The graph of \(y = \cot x\), with the relevant branch highlighted, is shown below.

Graph of cot x for drawing cot inverse x

(a) Unlike \(\sec x\) and \(\operatorname{cosec}\, x\), the range of \(\cot x\) on its principal branch is all of \(\mathbb{R}\). What are the domain and range of \(\operatorname{arccot} x\)?

(b) Add the graph of \(y = \operatorname{arccot} x\) to the diagram.

\[\begin{aligned} &\text{Domain: } \mathbb{R}\\[6pt] &\text{Range: } (0,\,\pi) \end{aligned}\]

Use the two right-angled triangles shown to simplify each expression.

Right triangle for cosec and sin expressions

Right triangle for sec and cos expressions

(a) \(\sin(\operatorname{arccosec} x)\)

(b) \(\operatorname{cosec}(\arcsin x)\)

(c) \(\cos(\operatorname{arcsec} x)\)

(d) \(\sec(\arccos x)\)

(a) \(\sin(\operatorname{arccosec} x)\) (b) \(\operatorname{cosec}(\arcsin x)\) (c) \(\cos(\operatorname{arcsec} x)\) (d) \(\sec(\arccos x)\)

\[\begin{aligned} &\text{(a) } \sin(\operatorname{arccosec} x) = \frac{1}{x}\\[8pt] &\text{(b) } \operatorname{cosec}(\arcsin x) = \frac{1}{x}\\[8pt] &\text{(c) } \cos(\operatorname{arcsec} x) = \frac{1}{x}\\[8pt] &\text{(d) } \sec(\arccos x) = \frac{1}{x} \end{aligned}\]

Use the right-angled triangle shown to simplify \(\tan(\operatorname{arccot} x)\) and \(\cot(\arctan x)\).

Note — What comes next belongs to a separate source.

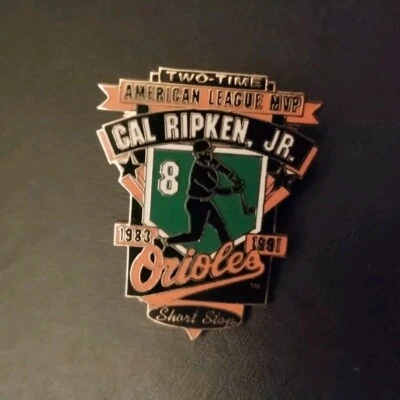 Vintage Cal Ripken Jr Pin Baltimore Orioles 1996 Lapel Button MLB Peter David - Image 1 of 2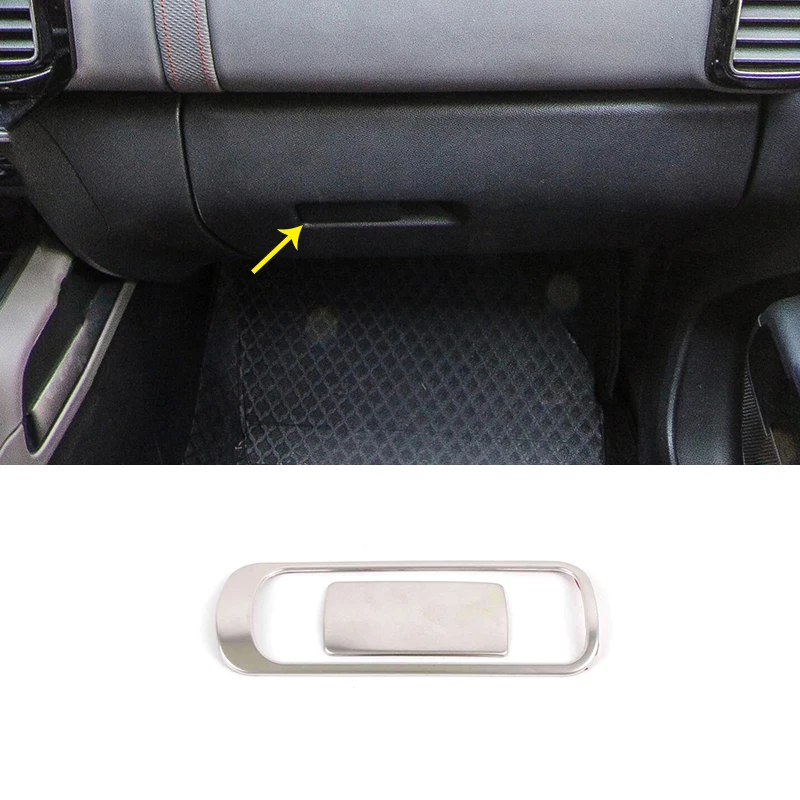 

Stainless Silver Glove Box Handle Decorative Cover For Citroen C5 Aircross 2017 2018 Carbon Look Car Detector Stick Styling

Right triangle for tan cot inverse x expressions

Simplify \(\tan(\operatorname{arccot} x)\) and \(\cot(\arctan x)\).

\[\tan(\operatorname{arccot} x) = \frac{1}{x}, \qquad \cot(\arctan x) = \frac{1}{x}\]

Since \(\tan(\operatorname{arccot} x) = \dfrac{1}{x}\), what does this tell us about the relationship between \(\operatorname{arccot} x\) and \(\arctan x\)? Is it true that \(\operatorname{arccot} x = \arctan\left(\dfrac{1}{x}\right)\) for all \(x \neq 0\)?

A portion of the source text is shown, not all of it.